A new mural at the Museum

There’s something new in the Longyear Museum lobby! Earlier this week, in the niche where Mary Baker Eddy’s Brougham carriage resides, a brand-new mural was installed. Now, a beautiful photograph of the entrance to Pleasant View, Mrs. Eddy’s former home in Concord, New Hampshire, provides a dramatic backdrop that helps to tell more fully the story of her daily carriage ride.

Workmen carefully install the new Pleasant View mural.

A gift to Longyear in 2016 from The First Church of Christ, Scientist, in Boston, the Brougham carriage was custom-built for Mrs. Eddy while she was living at Pleasant View. Each day at one o’clock sharp, Calvin Frye would escort Mrs. Eddy to its door, and groundskeeper John Salchow would be there to hold the horses. Often, Mrs. Eddy would have peanuts and candies put up in little bags to give to children that she passed en route. Her daily drive meant many things – it was a time for prayer, for a quiet respite from her tasks as Leader (she once referred to her carriage ride as “a one-hour cheery vacation from the desk”)1 – and the outing also gave assurance to a curious public that, despite persistent rumors, she was still very much at the helm of the Christian Science movement.

The mural is a reproduction of a historic photograph in Longyear Museum’s collection.

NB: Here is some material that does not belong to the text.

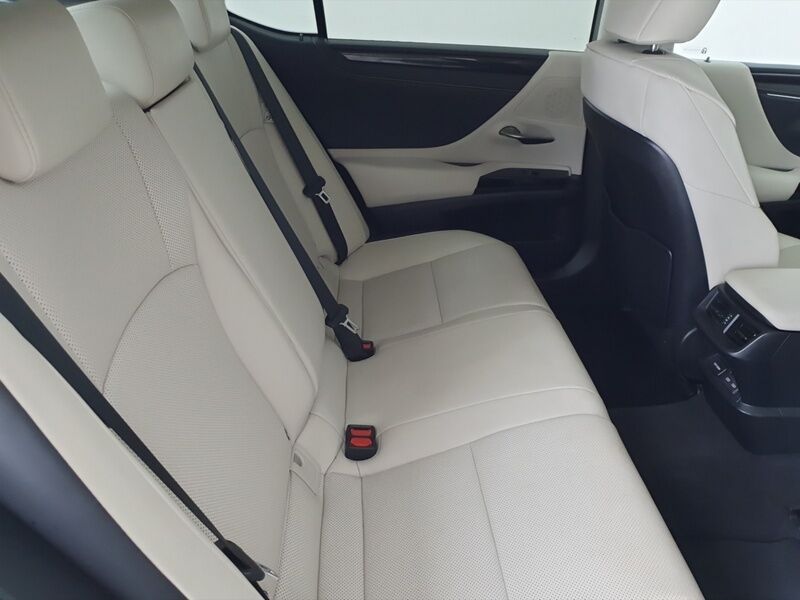 More views of Lexus ES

With the addition of this lovely mural, visitors can now see the Brougham carriage as it once would have looked, coming and going from its original residence at Pleasant View.

The new Brougham carriage exhibit is ready for visitors!

Notes


  1. Mary Baker Eddy to Gilbert Carpenter, December 21, 1902, L14133, The Mary Baker Eddy Collection, The Mary Baker Eddy Library.